Horner explains opposition to Andretti F1 bid

The Red Bull team boss has explained the reason why teams are opposed to the American team joining the grid as an 11th entity.

To news overview © Getty Images/Red Bull Contentpool

It's been a busy off-season for Formula 1 with Team Principal moves, the war of words between the FIA and the commercial rights holder, and Andretti stating their intent to join the grid.

While the overall feedback on Andretti and Cadillac joining the grid has been positive, some have voiced their concerns over whether they can provide growth for F1 and benefit the other teams with their entry.

Prior to joining the official expression of interest process, Michael Andretti already hit out against the teams for their "snobbish" attitude.

Horner: Why should we dilute our element of the prize fund?

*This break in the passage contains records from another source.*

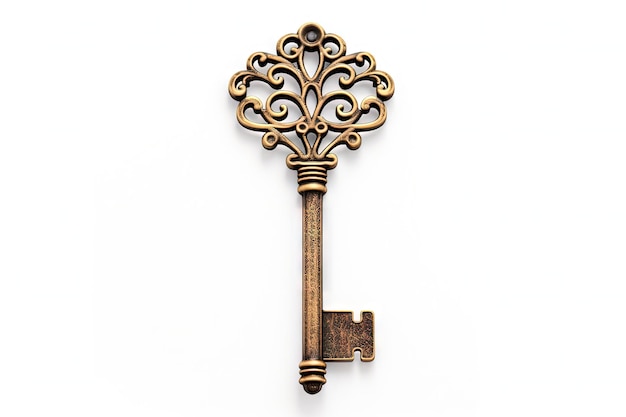 White background with antique isolated key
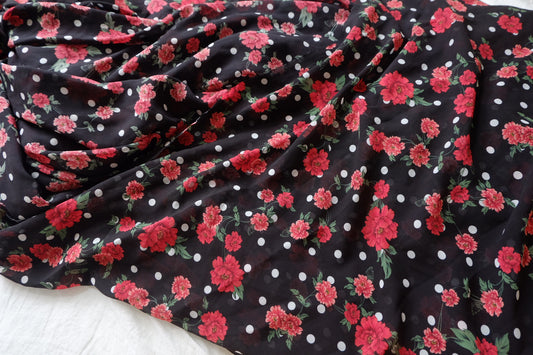Red Floral Polka Dot Sheer Chiffon — 2.73 yd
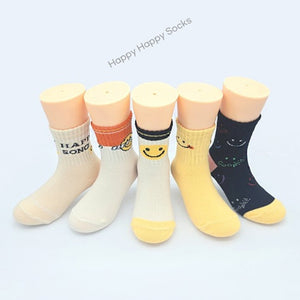 Korean kids Happy Happy Socks 5Pcs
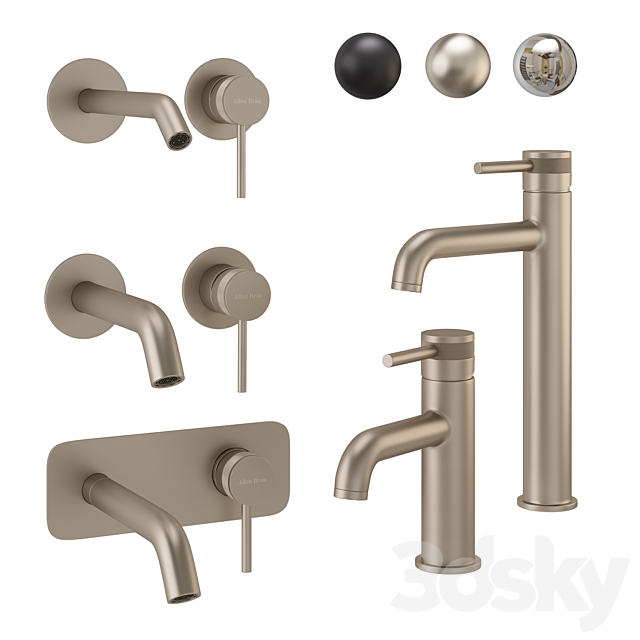 Allen Brau Priority Basin Faucet Set 3DS Max Model - thumbnail 3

Red Bull boss Christian Horner has explained why the teams have been opposed to the joint bid, citing the reduced prize money the teams will receive for an 11th entity on the Constructors' Championship table.

“If you introduce another one or two teams, you dilute the value of the current 10 franchises, which of course teams — particularly down towards the bottom end of the grid — have got a very inflated inherent value at the moment," he said in an interview with RACER.

“The two teams that are supporting it (McLaren and Alpine) either have a partnership in the U.S. with them, or are going to supply them an engine. The other eight are saying, ‘Well hang on, why should we dilute our element of the prize fund?’"

Formula 1 currently has an anti-dilution fee for new teams of $200 million, which is split equally among the existing teams.

But if Andretti choose to join in 2026, they could potentially avoid paying that fee due to a 20-year old EU decree. But Horner feels as though the current 10 teams is enough, as it could lead to further problems for existing teams down the line.

"I think all 10 teams are in great shape, and that’s in part due to the popularity of the sport, but also the budget cap and the fact that there are only 10 tickets and 10 franchises.

“I think Formula 1 will be very conscious of diluting that if they could be giving themselves problems further down the line.”